Microbiote et maladies rhumatologiques
Le microbiote intestinal fait référence, principalement, aux bactéries, virus, champignons et bactériophages qui habitent le tractus gastro-intestinal des humains. Un microbiote sain produit plus de 800 métabolites bactériens qui interagissent avec l’organisme, le système digestif, immunitaire, et qui participent à l’équilibre local. En cas de dysbiose, les lipopolysaccharides, les acides nucléiques exogènes ou les toxines peuvent franchir la barrière intestinale, avec des risques immunologiques et de formation d’autoanticorps. En pratique, la dysbiose intestinale est retrouvée dans de nombreuses maladies rhumatologiques : spondylarthrite ankylosante, arthrose, lupus, Sjögren, arthrite psoriasique, fibromyalgie, polyarthrite rhumatoïde, et ces anomalies apparaissent avant la maladie elle-même. La dysbiose (augmentation de la proportion de certaines souches bactériennes) induit une inflammation et la production d’autoanticorps, favorisant l’apparition de la maladie. Par exemple, dans la polyarthrite rhumatoïde et la spondylarthrite ankylosante HLA B27+, plus la dysbiose est sévère, plus la maladie est grave, voire associée à une mort cellulaire intestinale, favorisant la perméabilité et le passage des lipopolysaccharides.
Illustration 3D du microbiote et des bactéries intestinales
L’impact de l’alimentation
Le métabolisme intervient dans cette équation, puisque le taux de leptine, modifié par exemple dans l’obésité, module à la fois l’immunité innée et adaptative, et peut ainsi influencer l’inflammation et les maladies auto-immunes. Des études ont décrit l’influence du taux de leptine sur la physiopathologie de l’arthrose ou de la polyarthrite rhumatoïde.
Sur le plan alimentaire, la perméabilité intestinale est augmentée par la gliadine du gluten. La zonuline, issue des jonctions cellulaires, est un marqueur de la perméabilité intestinale : son taux augmente dans les maladies inflammatoires rhumatologiques, parfois même avant les symptômes selon certaines études.
Une alimentation déséquilibrée conduit en premier lieu à une absence ou une carence de cofacteurs importants pour l’immunité (zinc, magnésium…). Certains de ces aliments sont par ailleurs pro-inflammatoires :
- ils ouvrent les jonctions serrées : agglutinines (tomates, aubergines, arachides, soja…), prolamines (blé, seigle, maïs…dont la gliadine), alcool ;
- ils endommagent les entérocytes : agglutinines, prolamines ;
- ou favorisent la dysbiose intestinale : alcool, sucres, agglutinines, oméga-6…
De l’évidence scientifique à la difficile preuve clinique
Comme toujours, les études menées concernant les interventions nutritionnelles ou adaptations alimentaires sont rares, et souvent biaisées méthodologiquement. Il est difficile de corréler les données issues des études fondamentales avec des données cliniques. Pour les patients qui ont des effets secondaires et ne veulent pas prendre certains traitements, des approches hygiéno-diététiques pourraient être envisagées, toujours encadrées par un médecin nutritionniste.
La première concerne le jeûne : une méta-analyse a établi que 7 à 10 jours de jeûne dans la polyarthrite rhumatoïde conduit à une réduction des symptômes, des marqueurs et cytokines inflammatoires et des marqueurs de perméabilité intestinale.

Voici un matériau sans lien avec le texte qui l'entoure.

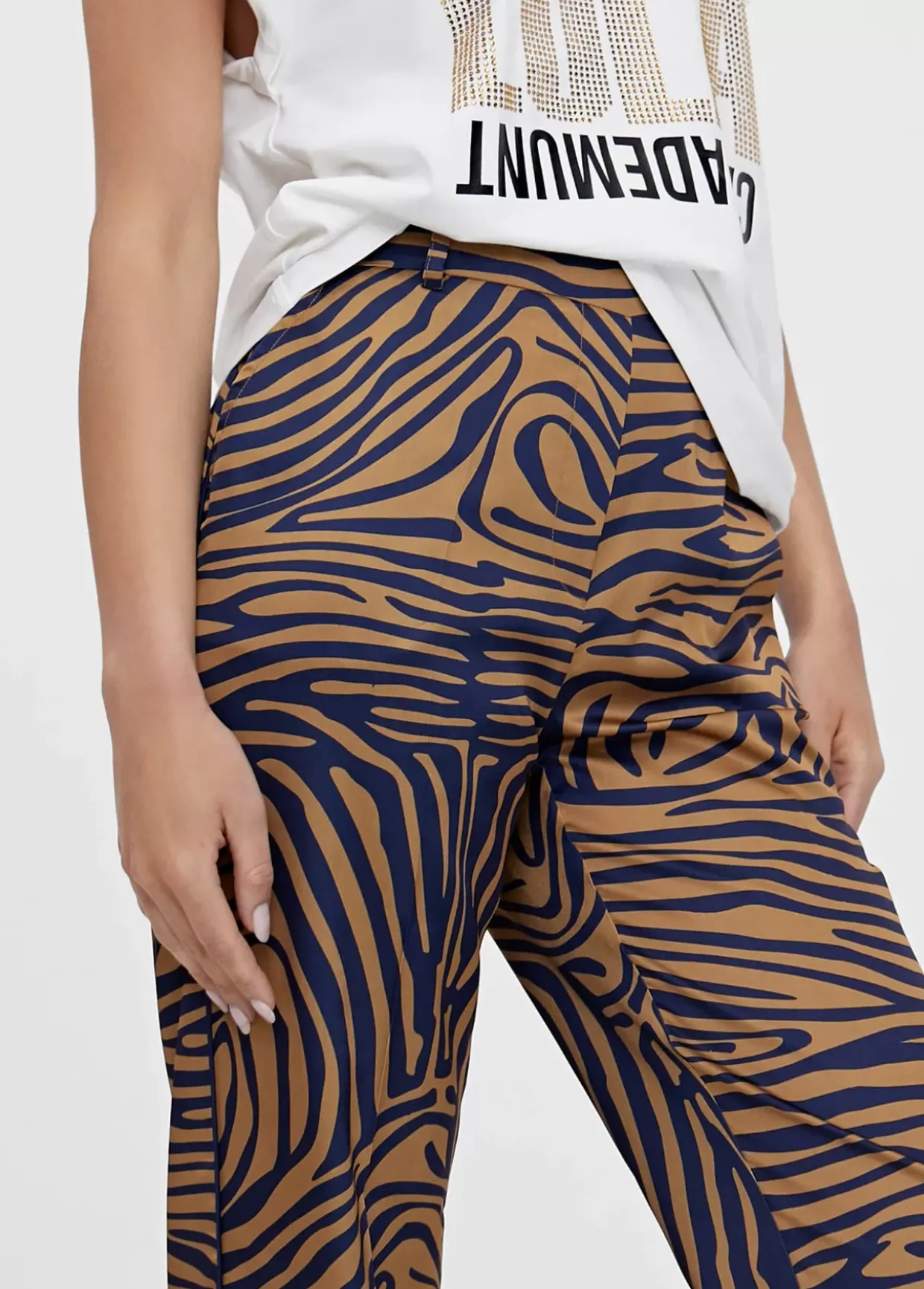 Pantalon recto estampado animal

Ce jeûne étant compliqué à mettre en place et n’étant bien sûr pas maintenable dans le temps, d’autres approches peuvent être envisagées comme la réduction de la consommation de sucre, de la charge glycémique, de la prise d’alcool…

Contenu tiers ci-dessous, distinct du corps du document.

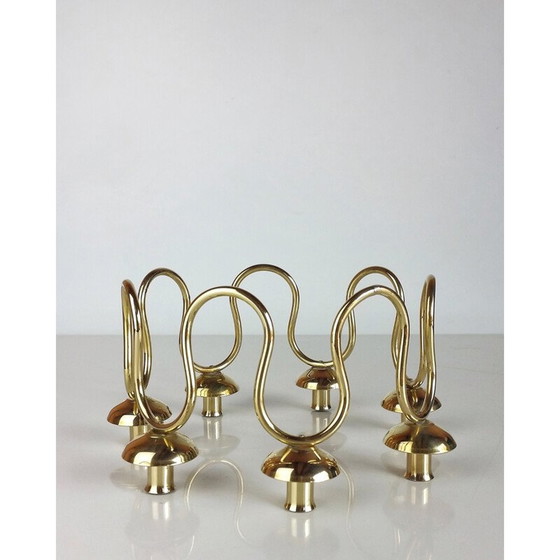 Image 1 of Scandinavian vintage brass candlestick by Lars Holmström for Arvika, 1950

D’autres travaux se sont penchés sur l’efficacité de la diète méditerranéenne maintenue 12 semaines dans la PR, qui montrent un bénéfice modeste sur l’activité de la maladie et sur la douleur. Des régimes plus drastiques sont envisagés en complémentarité des traitements, comme la suppression de tous les produits transformés, l’alcool… ou les FODMAP (fermentable oligo-, di-, monosaccharides and polyols) lorsqu’il existe des troubles intestinaux associés.
L’approche nommée « auto-immune paléo » présentée par Alexandra Albert est très drastique, excluant toutes les céréales, les légumes de la famille des tomates, aubergine et pommes de terre, viandes rouges, produits laitiers, sucres raffinés, légumineuses de la diète méditerranéenne, pendant trois mois afin de réduire les symptômes. Ensuite, la réintroduction des catégories d’aliments est faite une par une. Le choix de ces aliments est orienté selon le caractère auto-immun ou non de la maladie. L’intérêt serait de réduire certains traitements comme la cortisone et d’améliorer certains autres symptômes associés.
Plantes aromatiques
Aucune approche diététique ne doit etre entamée et conduite sans un accompagnement médical.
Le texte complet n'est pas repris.